Engineering Education Department Chair Leads The Processional

In Department of Engineering Education, Events

Nothing says comeback like the return to in-person commencement ceremonies this spring, and Dr. Hans van Oostrom was happily super busy as Chief Marshal, leading the 26 processionals that marked the graduation festivities. In 2020, in-person commencement ceremonies had to be cancelled due to the COVID-19 pandemic, but this year those graduates were also invited back to join in the festivities.

Graduation in 2021 was a 9-day marathon that started at 7:00 a.m. and ended at 9:00 p.m. each day. “It was an extremely busy time,” Dr. van Oostrom said, “but it was very gratifying when students let us know how happy they were to be there in person this year.”

Dr. van Oostrom, chair of the Department of Engineering Education in the Herbert Wertheim College of Engineering, has been serving as Chief Marshal at UF commencement ceremonies since 2018. He first became a marshal for the Department of Biomedical Engineering in 2002, and he has enjoyed it every year since. For him, it is the culmination of all the hard work he has put into designing programs for students and improving them each semester.

Dr. van Oostrom started his own career as an electrical engineer and faculty member in the UF Department of Anesthesiology, where he became a tenured professor. When Biomedical Engineering was initially started as a cross-disciplinary graduate program between the College of Medicine and the College of Engineering in 1998, Dr. van Oostrom immediately became involved with the group to help build the graduate program. As BME developed into a department, he became the Associate Chair. He continued to develop his passion for engineering education through building the undergraduate programs for BME starting in 2012.
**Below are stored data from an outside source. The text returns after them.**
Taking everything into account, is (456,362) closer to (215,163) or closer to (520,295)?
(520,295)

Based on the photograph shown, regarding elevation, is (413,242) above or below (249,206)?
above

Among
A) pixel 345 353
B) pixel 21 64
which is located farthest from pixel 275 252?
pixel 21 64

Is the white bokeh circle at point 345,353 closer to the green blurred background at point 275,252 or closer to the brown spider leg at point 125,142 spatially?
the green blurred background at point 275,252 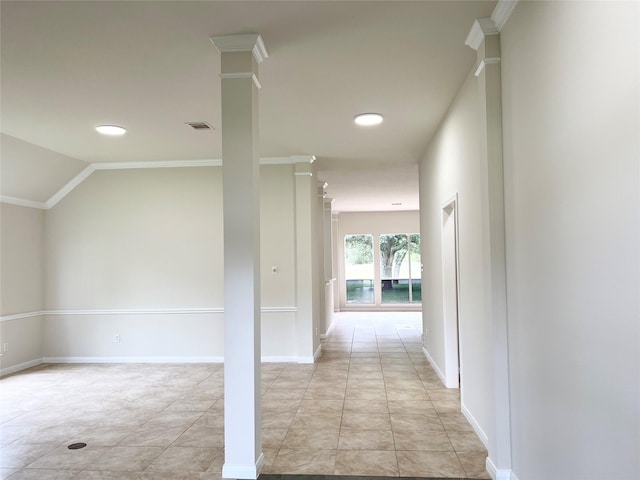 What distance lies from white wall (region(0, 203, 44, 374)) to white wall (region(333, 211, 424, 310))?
752cm

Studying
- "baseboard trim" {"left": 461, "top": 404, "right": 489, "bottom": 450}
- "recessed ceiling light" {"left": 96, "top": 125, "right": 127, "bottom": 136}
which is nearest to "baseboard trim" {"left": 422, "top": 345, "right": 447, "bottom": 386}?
"baseboard trim" {"left": 461, "top": 404, "right": 489, "bottom": 450}

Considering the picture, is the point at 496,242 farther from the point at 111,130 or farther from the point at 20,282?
the point at 20,282

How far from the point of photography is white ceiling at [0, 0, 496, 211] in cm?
239

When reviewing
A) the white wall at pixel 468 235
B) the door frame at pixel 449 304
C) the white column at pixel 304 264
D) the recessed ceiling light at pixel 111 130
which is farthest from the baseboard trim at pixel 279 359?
the recessed ceiling light at pixel 111 130

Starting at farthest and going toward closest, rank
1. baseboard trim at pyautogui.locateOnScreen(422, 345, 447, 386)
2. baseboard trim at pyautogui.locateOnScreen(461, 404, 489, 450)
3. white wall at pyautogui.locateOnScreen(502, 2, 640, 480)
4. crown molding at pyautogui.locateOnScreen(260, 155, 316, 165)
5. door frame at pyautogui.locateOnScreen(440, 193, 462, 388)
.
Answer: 1. crown molding at pyautogui.locateOnScreen(260, 155, 316, 165)
2. baseboard trim at pyautogui.locateOnScreen(422, 345, 447, 386)
3. door frame at pyautogui.locateOnScreen(440, 193, 462, 388)
4. baseboard trim at pyautogui.locateOnScreen(461, 404, 489, 450)
5. white wall at pyautogui.locateOnScreen(502, 2, 640, 480)

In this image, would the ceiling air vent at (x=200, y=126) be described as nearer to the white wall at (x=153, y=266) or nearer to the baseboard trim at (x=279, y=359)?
the white wall at (x=153, y=266)

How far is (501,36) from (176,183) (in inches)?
190

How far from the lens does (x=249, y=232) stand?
265 cm

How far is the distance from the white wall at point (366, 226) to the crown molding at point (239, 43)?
9391 mm

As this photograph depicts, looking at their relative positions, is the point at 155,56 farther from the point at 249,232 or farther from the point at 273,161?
the point at 273,161

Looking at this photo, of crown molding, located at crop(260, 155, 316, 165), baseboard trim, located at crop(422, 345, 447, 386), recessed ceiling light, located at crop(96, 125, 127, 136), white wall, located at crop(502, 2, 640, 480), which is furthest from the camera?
crown molding, located at crop(260, 155, 316, 165)

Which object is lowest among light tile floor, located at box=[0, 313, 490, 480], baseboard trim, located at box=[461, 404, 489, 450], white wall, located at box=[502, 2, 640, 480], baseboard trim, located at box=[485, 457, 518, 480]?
light tile floor, located at box=[0, 313, 490, 480]

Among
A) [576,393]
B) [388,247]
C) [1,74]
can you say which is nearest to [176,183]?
[1,74]

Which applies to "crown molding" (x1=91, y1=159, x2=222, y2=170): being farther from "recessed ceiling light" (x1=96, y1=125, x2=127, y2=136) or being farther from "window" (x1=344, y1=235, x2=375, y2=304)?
"window" (x1=344, y1=235, x2=375, y2=304) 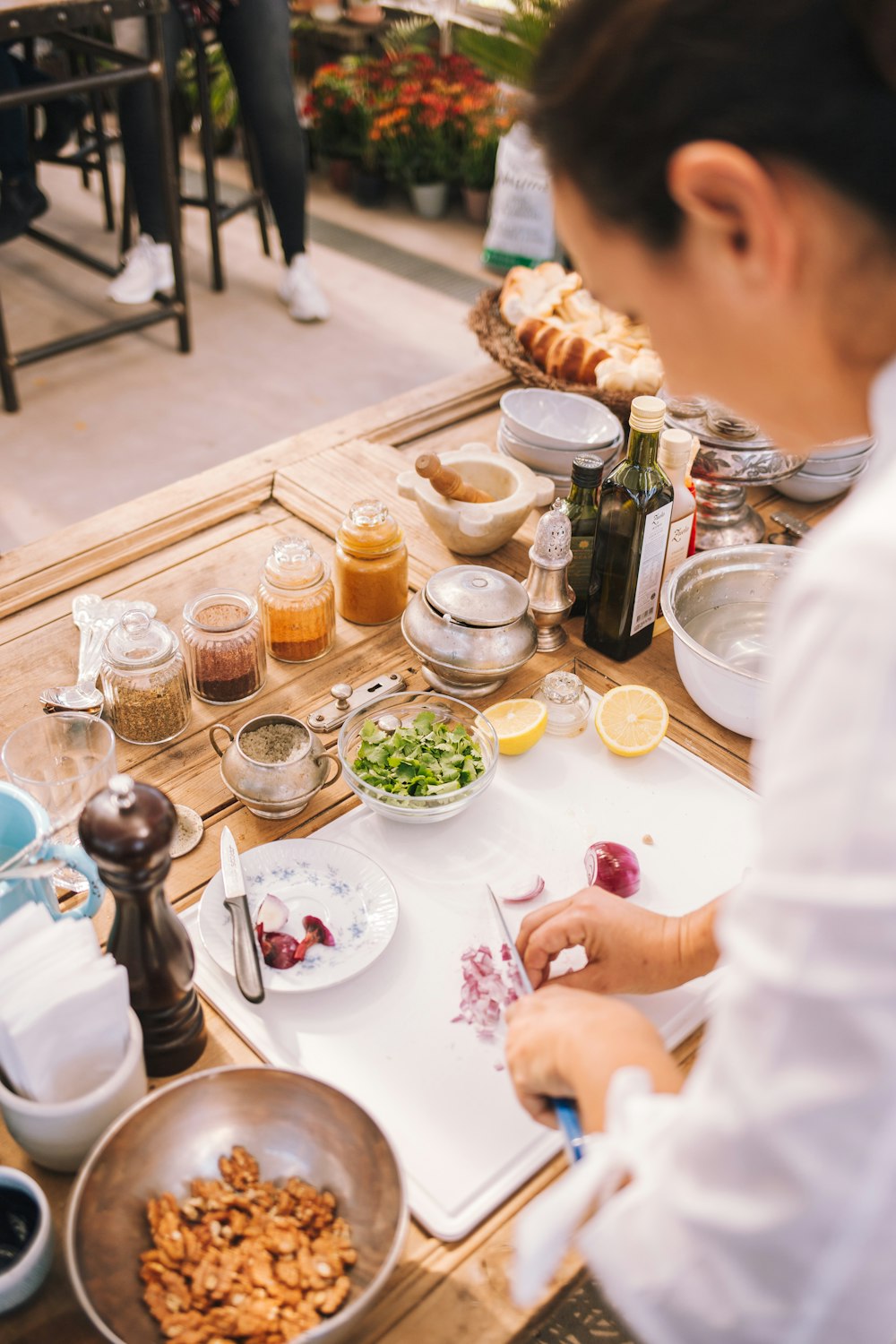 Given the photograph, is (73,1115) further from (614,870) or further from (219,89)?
(219,89)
Establishing the Department of Engineering Education

When Dean Cammy Abernathy set the vision to improve the way engineers are taught, Dr. van Oostrom was the person she turned to. First, as the director of the Institute for Excellence in Engineering Education (IE3), he brought together professors from the college’s different departments to teach a number of online classes. The instructors also began using a flipped-classroom approach, where the lectures were taught online for everyone and smaller in-person classes were held so that more individual attention could be given to students as they honed in on course problems.
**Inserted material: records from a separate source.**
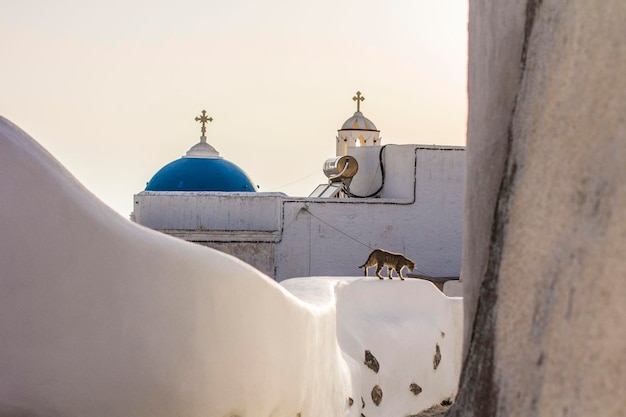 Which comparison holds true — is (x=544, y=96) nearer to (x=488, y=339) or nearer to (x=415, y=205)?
(x=488, y=339)

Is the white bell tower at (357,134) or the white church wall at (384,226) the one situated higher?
the white bell tower at (357,134)

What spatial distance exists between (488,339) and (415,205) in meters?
16.2

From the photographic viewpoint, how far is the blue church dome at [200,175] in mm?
20000

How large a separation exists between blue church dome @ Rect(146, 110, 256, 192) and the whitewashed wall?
1465mm

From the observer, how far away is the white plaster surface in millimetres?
2998

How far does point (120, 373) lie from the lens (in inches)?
127

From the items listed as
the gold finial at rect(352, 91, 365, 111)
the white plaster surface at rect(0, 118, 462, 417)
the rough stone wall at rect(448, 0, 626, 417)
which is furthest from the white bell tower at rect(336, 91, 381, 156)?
the rough stone wall at rect(448, 0, 626, 417)

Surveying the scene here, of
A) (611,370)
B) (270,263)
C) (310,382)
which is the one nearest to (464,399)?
(611,370)

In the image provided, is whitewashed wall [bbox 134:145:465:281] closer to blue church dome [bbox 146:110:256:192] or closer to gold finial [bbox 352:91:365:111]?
blue church dome [bbox 146:110:256:192]

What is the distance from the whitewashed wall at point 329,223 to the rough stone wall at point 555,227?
15.8m

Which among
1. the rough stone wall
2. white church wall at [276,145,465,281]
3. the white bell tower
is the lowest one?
white church wall at [276,145,465,281]

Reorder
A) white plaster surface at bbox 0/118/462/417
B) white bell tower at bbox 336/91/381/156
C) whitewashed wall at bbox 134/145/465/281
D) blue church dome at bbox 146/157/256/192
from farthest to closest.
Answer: white bell tower at bbox 336/91/381/156, blue church dome at bbox 146/157/256/192, whitewashed wall at bbox 134/145/465/281, white plaster surface at bbox 0/118/462/417

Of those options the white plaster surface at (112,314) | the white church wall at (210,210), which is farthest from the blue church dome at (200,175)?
the white plaster surface at (112,314)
The IE3 coalesced into the Department of Engineering Education (EED) in June 2019. Over the last two years, EED has grown from 10 faculty members to 24, and is currently one of the most diverse departments in the College. “I’m really pleased with the EED,” Dr. van Oostrom said. “I think it has been a great opportunity for us to build programs that strengthen our college. Hiring excellent, excited people who do a great job at teaching really improves our classes. As a result, we expect to see evidence that more students are retained in engineering and that they graduate sooner.”
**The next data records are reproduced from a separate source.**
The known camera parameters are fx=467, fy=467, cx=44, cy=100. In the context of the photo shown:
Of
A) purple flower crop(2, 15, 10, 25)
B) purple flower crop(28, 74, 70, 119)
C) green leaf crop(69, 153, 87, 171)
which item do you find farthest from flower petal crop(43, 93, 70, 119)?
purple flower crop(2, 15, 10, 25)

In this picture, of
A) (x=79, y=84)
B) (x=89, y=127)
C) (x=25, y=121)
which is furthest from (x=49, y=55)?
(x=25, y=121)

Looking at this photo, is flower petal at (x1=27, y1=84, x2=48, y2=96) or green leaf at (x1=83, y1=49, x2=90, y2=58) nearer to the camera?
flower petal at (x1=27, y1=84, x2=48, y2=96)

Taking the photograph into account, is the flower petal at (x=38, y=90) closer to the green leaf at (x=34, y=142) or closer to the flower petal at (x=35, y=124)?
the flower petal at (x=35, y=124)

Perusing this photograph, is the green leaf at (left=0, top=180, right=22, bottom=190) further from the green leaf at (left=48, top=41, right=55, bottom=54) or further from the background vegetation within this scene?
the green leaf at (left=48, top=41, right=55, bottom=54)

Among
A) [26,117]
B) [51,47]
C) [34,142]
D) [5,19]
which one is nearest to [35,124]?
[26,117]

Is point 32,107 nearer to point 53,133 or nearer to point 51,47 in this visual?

“The teaching mission at the University is equally as important as the research mission. The state has invested in instructional faculty, and we offer our faculty positions that are highly valued at the University and at the engineering college. To create an environment where everyone is valued is ongoing work. We have been involved in creating peer evaluations, student evaluations and self-evaluations for instructional professors. We offer them a career plan and a promotional path, strongly supported by our Dean, which helps retain superior faculty,” Dr. van Oostrom commented.

 

What the Department of Engineering Education does

EED classes include basic courses for all engineers. They teach sophomore and junior students a variety of service courses. For example, “Circuits for Non-Majors” is offered to all engineering students other than electrical engineering majors, with roughly 700-800 students each year. In addition, the EED teaches a large course for the business school in “Problem-solving using computer software,” which serves almost 1,200 business students annually.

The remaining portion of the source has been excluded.